Time travelers Weldon and Smantha arrive on his farm. They reveal that they are the narrator's own descendants. He visits their home, which is a utopia. When he returns to his farm, he swears that he will never have children, thus ensuring that the utopians will never exist.

When the narrator returns from a trip to the past, he finds that his future wife has visited the farm in his absence. The narrator and the woman, Zoe, play a cat-and-mouse game in which they try to kill one another. Zoe also hates their predestined future and wishes to prevent the utopians from existing.

The narrator goes back in time to muster a group of villains to assist in killing Zoe. His recruits includes Edward Teach, Elizabeth Bathory, and Stalin. Zoe recruits her own entourage, which includes William the Conqueror, three versions of Jack the Ripper, Adolf Hitler, and another version of Stalin. The historical villains fight, much to the enjoyment of Zoe and the narrator. The villains kill each other. Hitler, the last man standing, is eaten by Miffly. Zoe and the narrator agree to a truce.

More time travelers arrive; Zoe and the narrator work together to kill them. Gradually, they grow fonder of each other. The utopians return; they report that the probability of their future existing is declining rapidly. Zoe and the narrator still refuse to settle down together. Multiple copies of Weldon and Smantha begin harassing the narrator and Zoe, hoping to convince them to have sex before the probability of a future utopia declines to zero.
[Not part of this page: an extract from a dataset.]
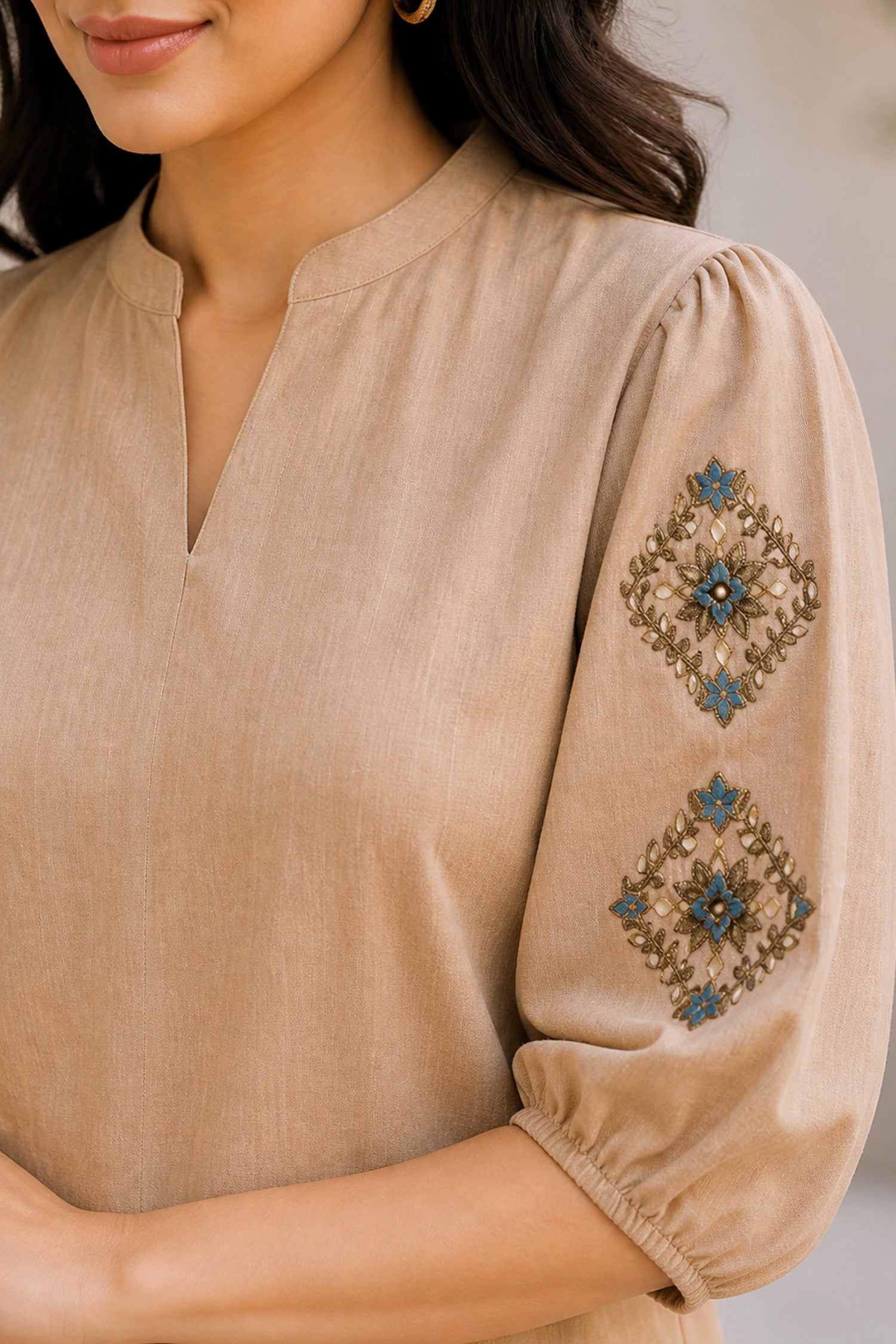 Stylish Beige Embroidered Puff Sleeve Cotton Co-Ord Set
The narrator brings Zoe to the epicenter of the Causality War, where Time has been mangled into beautiful and horrifying pieces. They decide to kill the utopians. They plan a heist into a shattered fragment of time to retrieve a causality bomb. When they arrive, the bomb is missing. They return to the farm, where they find Weldon and Smantha waiting for them. The utopians admit that they took the bomb. They use it to destroy the narrator's farm and ensure their own continued existence. The narrator and Zoe escape in a time machine, promising to continue their fight against the utopians.

==Reception and awards==

Publishers Weekly gave the book a starred review, calling it humorous and sharp-edged. The review praised the story's combination of acerbity and comedy, concluding that "this time-looped dramedy is as funny as it is thought-provoking."
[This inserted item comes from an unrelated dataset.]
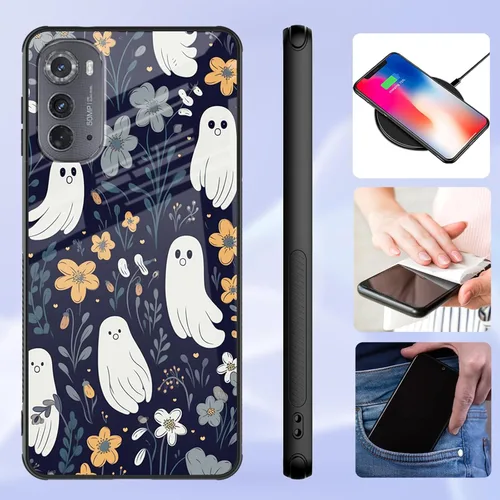 Vista 5 de Funda para Motorola Moto Edge 2022, cubierta trasera de vidrio templado con protector de pantalla, funda protectora a prueba de golpes para Motorola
Tadiana Jones of fantasyliterature.com gave the novel four and a half stars out of a possible five. The review called the novella "wildly intelligent and imaginative," praising the black humor. Jones particularly praised the scene involving historical villains fighting, as well as Tchaikovsky's treatment of time travel and paradoxes. The review criticized the ending as too abrupt, "with reams of hanging threads and no real attempt at a wrap-up." Despite this criticism, Jones gave the book a strong recommendation for fans of "dark, flippant humor."
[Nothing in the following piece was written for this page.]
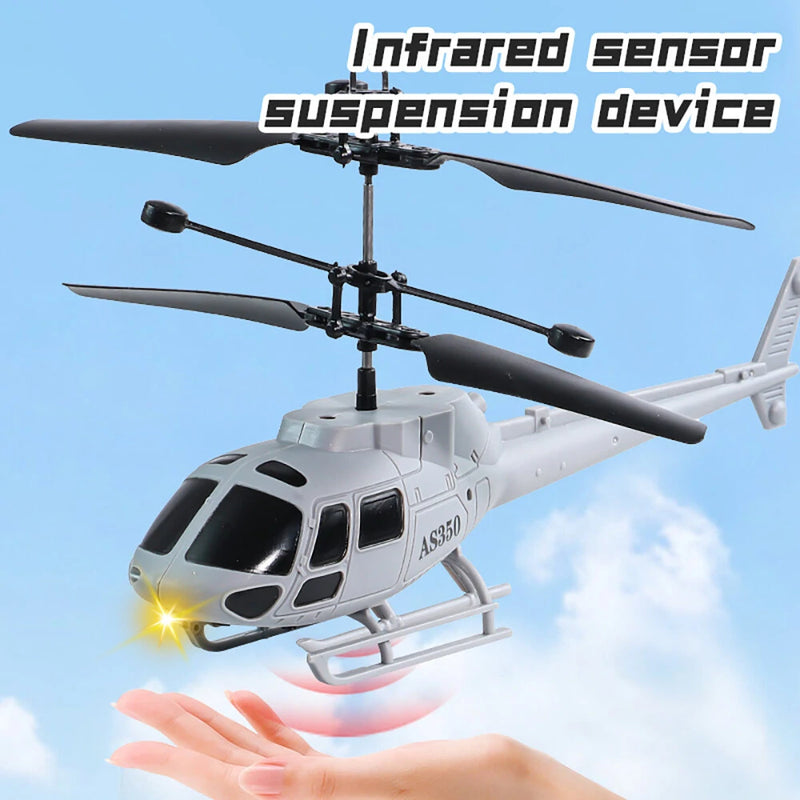 AS350 Simulation Black Wing Helicopter Induction Fighter Suspension Light Charging Drop-resistant Induction Remote Control Helicopter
In a review for Science Fiction Book Review Podcast, Luke Burrage and Juliane Kunzendorf commented on the novella's choice of title. Burrage stated that "the funnier the book, the longer the title is allowed to be." The podcast compared the premise of the book to This Is How You Lose the Time War by Amal El-Mohtar and Max Gladstone, stating that Tchaikovsky probably drew inspiration from the former. Burrage found Tchaikovsky's novella to be superior, stating that it showcases a more realistic way to lose a time war. The reviewers also felt that One Day All This Will Be Yours "leaned in" to the idea that time traveling soldiers must by psychopaths, rather than whitewashing the genocides involved in erasing entire timelines. Both hosts felt that the ending was too abrupt, commenting that the novella could have used 20 or 30 more pages. Both hosts awarded the novella four out of a possible five stars.

Elizabeth Tabler of Grimdark Magazine called the novella "brilliant and witty," praising Tchaikovsky's use of the novella format. The review praised the style of humor, stating that the "situations are hilarious and wild but do not stray into the ridiculous or uncomfortable."

Writing for Starburst, Laura Potier called the book "an absurdly funny, sharply written novella." The review praised the "darkly comical" tone, as well as the use of classic science fiction tropes such as time travel and paradoxes.